Taken together, it is still uncertain whether low bone quality is associated with atherosclerotic changes independent of major cardiovascular risk factors like diabetes mellitus, dyslipidemia, or hypertension or whether sex-specific differences exist. Besides, there are only few data in the association between bone quality at the heel, measured by quantitative ultrasound (QUS), and atherosclerosis [13, 14]. We therefore aimed to explore the associations between QUS-based parameters, with carotid artery IMT, the presence of carotid artery plaques, and the ABI in the general population.

2. Subjects and Methods

2.1. Study Populations

The present analysis is based on data from two population-based cohort studies in northeast Germany: the second follow-up of the Study of Health in Pomerania (SHIP-2) and SHIP-Trend. Details on the study design, protocols, and sampling methods have been reported elsewhere [15, 16]. In short, the baseline examinations in the SHIP cohort were performed between 1997 and 2001 with a total of 4308 men and women aged 20–81 years. The second follow-up (SHIP-2) was performed between 2008 and 2012 with 2333 subjects aged 30–93 years being re-examined. The baseline examinations in the SHIP-Trend cohort were performed in parallel with SHIP-2 between 2008 and 2012 with a total of 4420 adult men and women aged 20–84 years. All investigations were carried out in accordance with the Declaration of Helsinki, including written informed consent of all participants. The study methods were approved by an institutional review board (ethics committee at the University of Greifswald).

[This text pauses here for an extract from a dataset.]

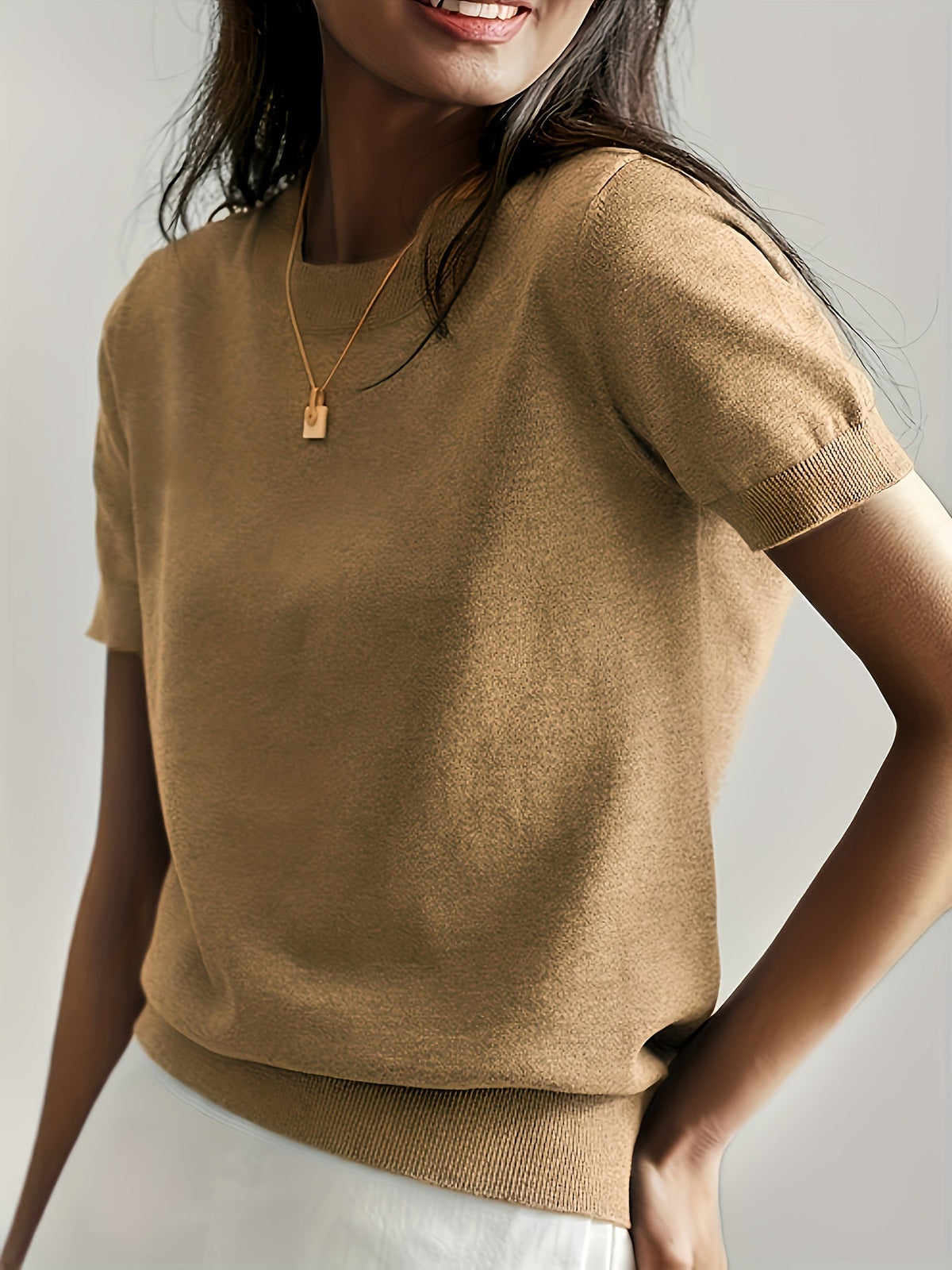 Fine-Knit Short Sleeve Sweater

Data from SHIP-2 and SHIP-Trend were pooled for the present analyses. From the resulting population of , all subjects with missing data in QUS, IMT, plaque, or confounder variables were excluded as well as subjects with extremely high values in the QUS variables, pregnant women, subjects with estimated glomerular filtration rate (eGFR) below 30 ml/min/1.73m2 or missing eGFR, and those who reported with intake of bisphosphonates, selective estrogen receptor modulators, parathyroid hormone, steroids, or strontium ranelate (for details, see Supplemental Figure available online at https://doi.org/10.1155/2017/3946569). The resulting study population comprised 5680 subjects. Among these subjects, two-thirds (67.8%) participated in the ABI examination, resulting in a subsample of 3853 subjects.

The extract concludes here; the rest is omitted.